In this thesis, we address two different problems within the framework of convex optimization. The first one is an application to computer stereo vision, where the goal is to recover the depth information of a scene from a pair of images taken from the left and right positions. The second one is the proposition of new mathematical tools to deal with convex optimization problems involving information measures, where the objective is to minimize the divergence between two statistical objects such as random variables or probability distributions.

We propose a convex approach to address the problem of dense disparity estimation under varying illumination conditions. A convex energy function is derived for jointly estimating the disparity and the illumination variation. The resulting problem is tackled in a set theoretic framework and solved using proximal tools. It is worth emphasizing the ability of this method to process multicomponent images under illumination variation. The conducted experiments indicate that this approach can effectively deal with the local illumination changes and yields better results compared with existing methods.

We then extend the previous approach to the problem of multi-view disparity estimation. Rather than estimating a single depth map, we estimate a sequence of disparity maps, one for each input image. We address this problem by adopting a discrete reformulation that can be efficiently solved through a convex relaxation. This approach offers the advantage of handling both convex and nonconvex similarity measures within the same framework. We have shown that the additional complexity required by the application of our method to the multi-view case is small with respect to the stereo case.

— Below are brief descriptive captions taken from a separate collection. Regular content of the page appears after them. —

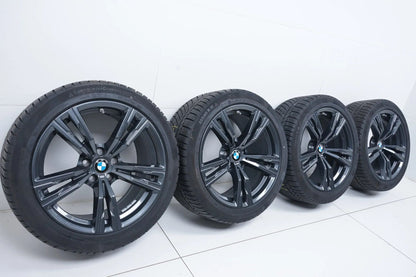BMW Z4 G29 winter tires/wheels 255/40/18 inch M798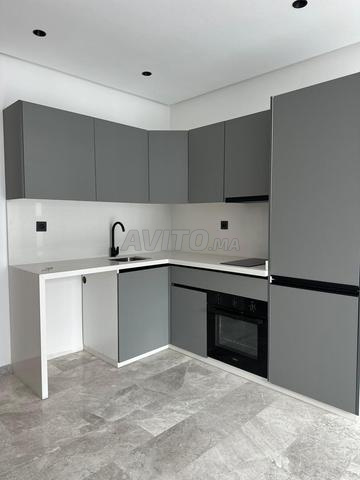 استوديو صالون قطعة واحدة جديد في شارع غاندي - 2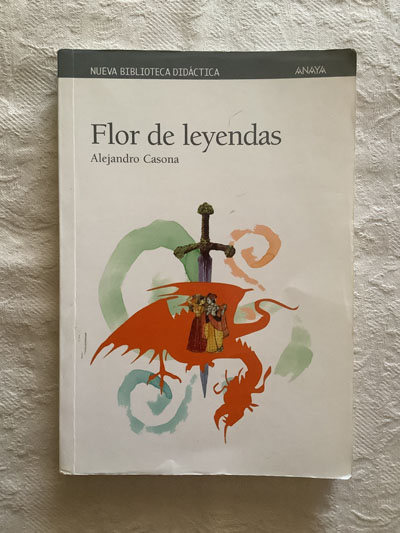 Flor de leyendas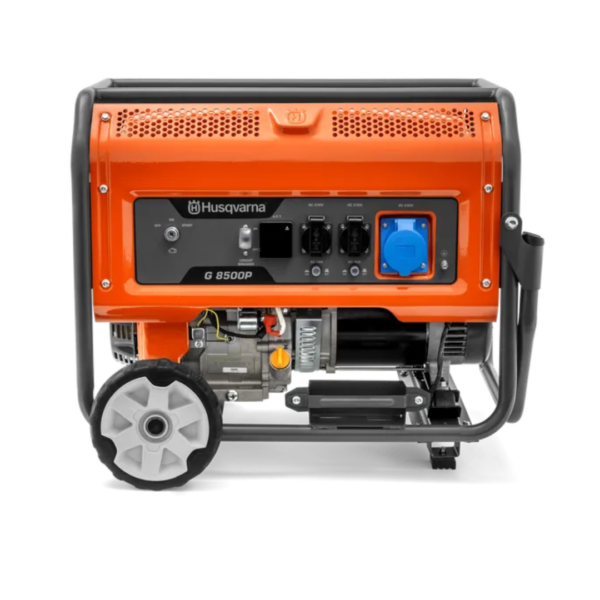 G8500P GENERADOR 8000W 30HP HUSQVARNA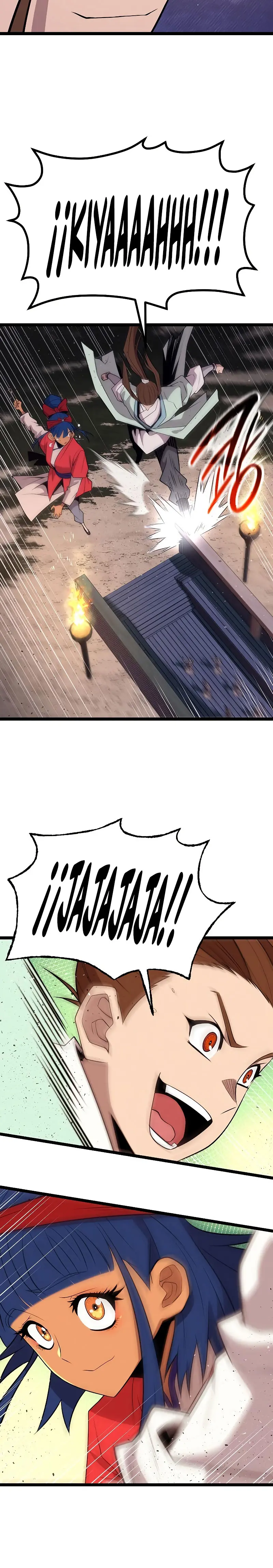 Las crónicas del clan Tang Capítulo 36 - Page 40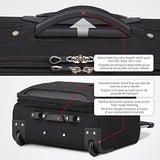 Swiss Gear 15.6" Slimline Notebook Business Traveler Roller (SWA0970)
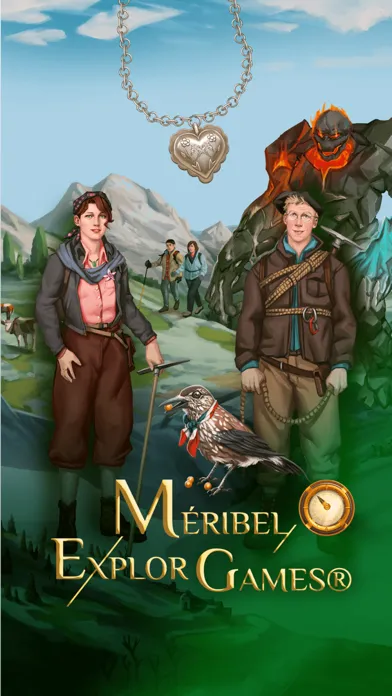 Méribel Explor Games® سکرین شاٹس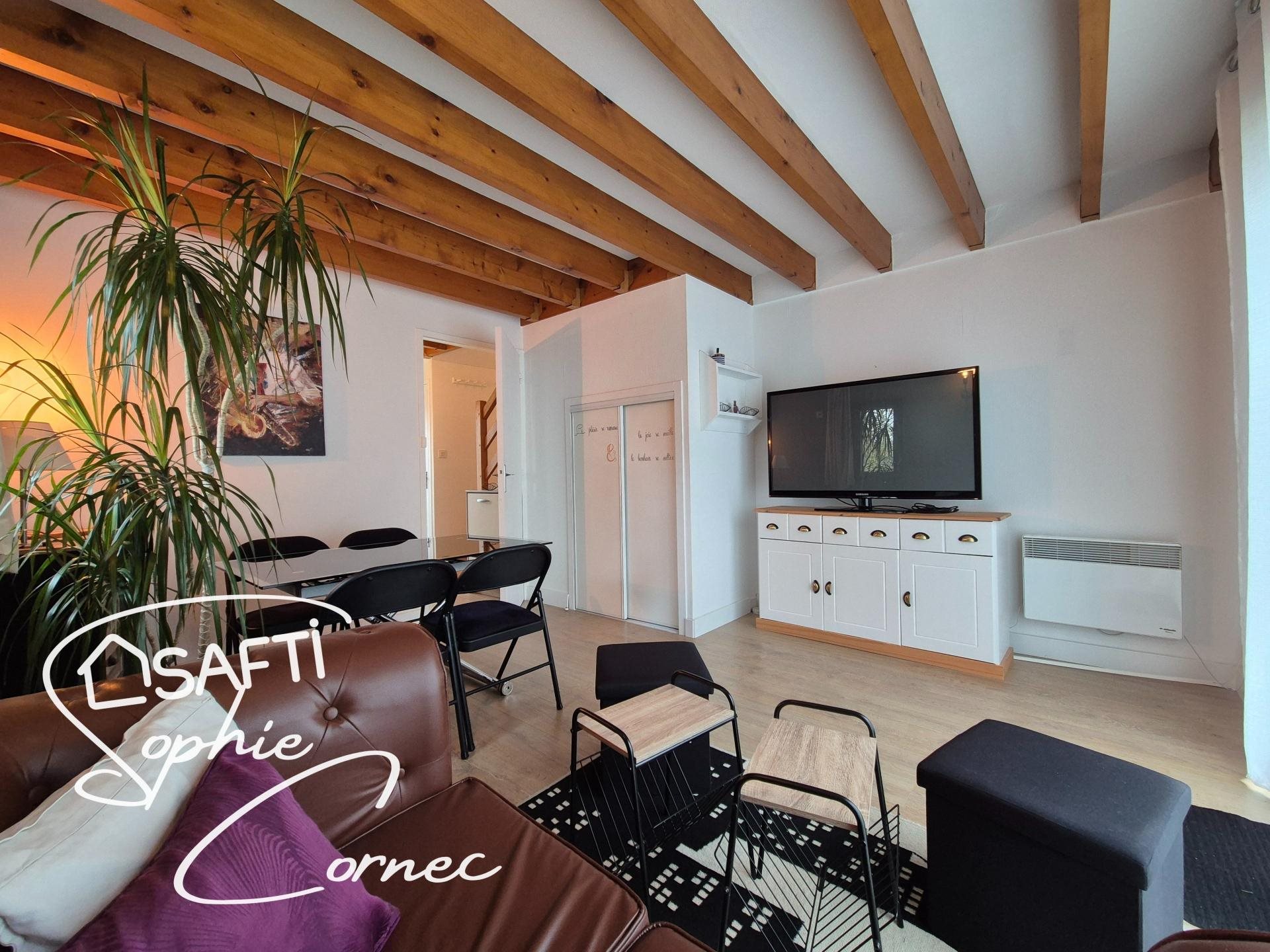 Appartement à vendre, 55m², Bénodet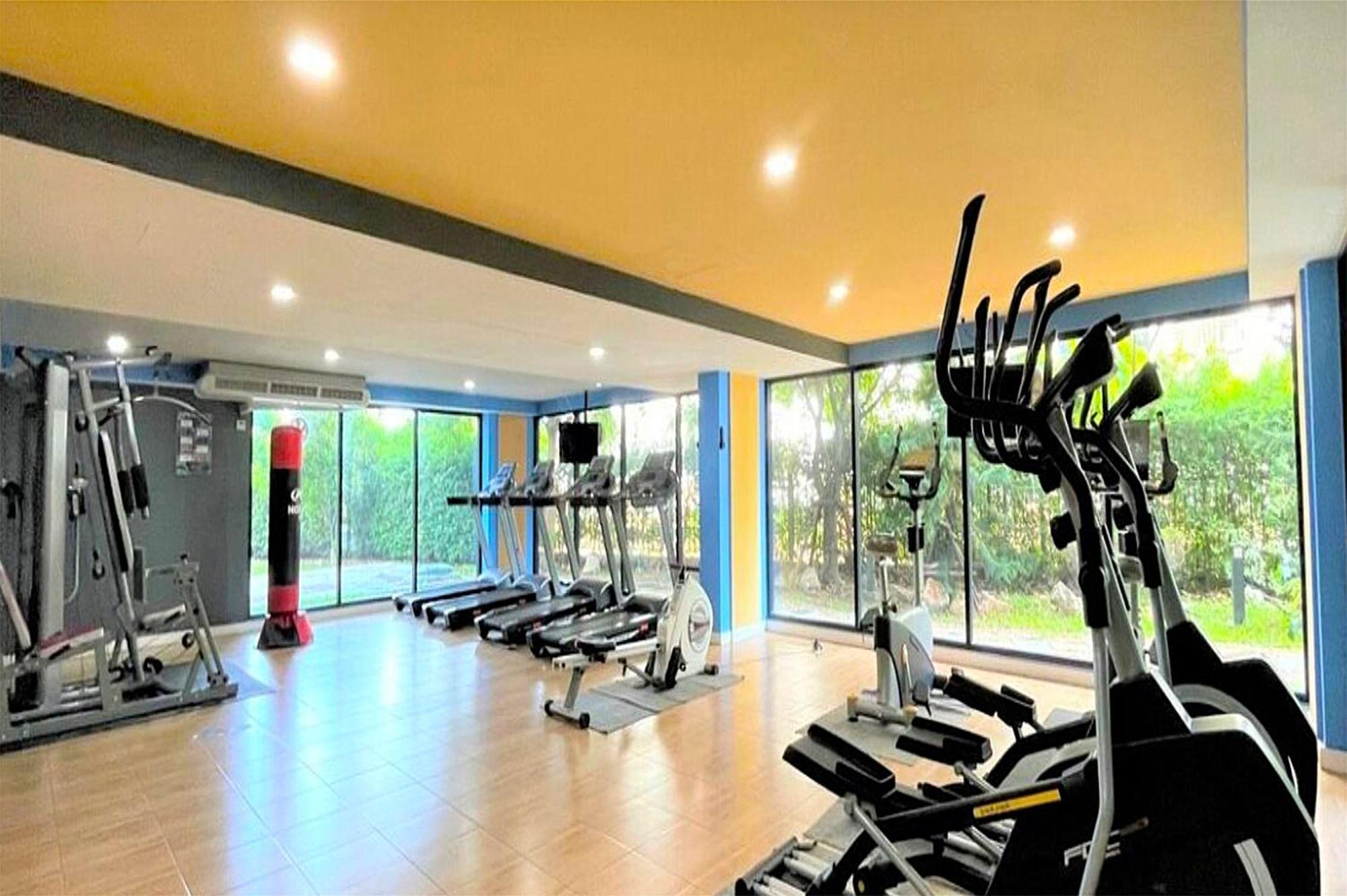 Hua Hin First - Happy Rent 아파트 외부 사진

Finally, we have proposed a novel approach to handle a broad class of statistical distances, called Phi-divergences, within the framework of proximal algorithms. In particular, we have developed the expression of the proximity operators of several Phi-divergences, such as Kulback-Leibler, Jeffrey-Kulback, Hellinger, Chi-Square, I-alpha, and Renyi divergences. This allows proximal algorithms to deal with problems involving such divergences, thus overcoming the limitations of current state-of-the-art approaches for similar problems. The proposed approach is validated in two different contexts. The first is an application to image restoration that illustrates how to employ divergences as a regularization term, while the second is an application to image registration that employs divergences as a data fidelity term.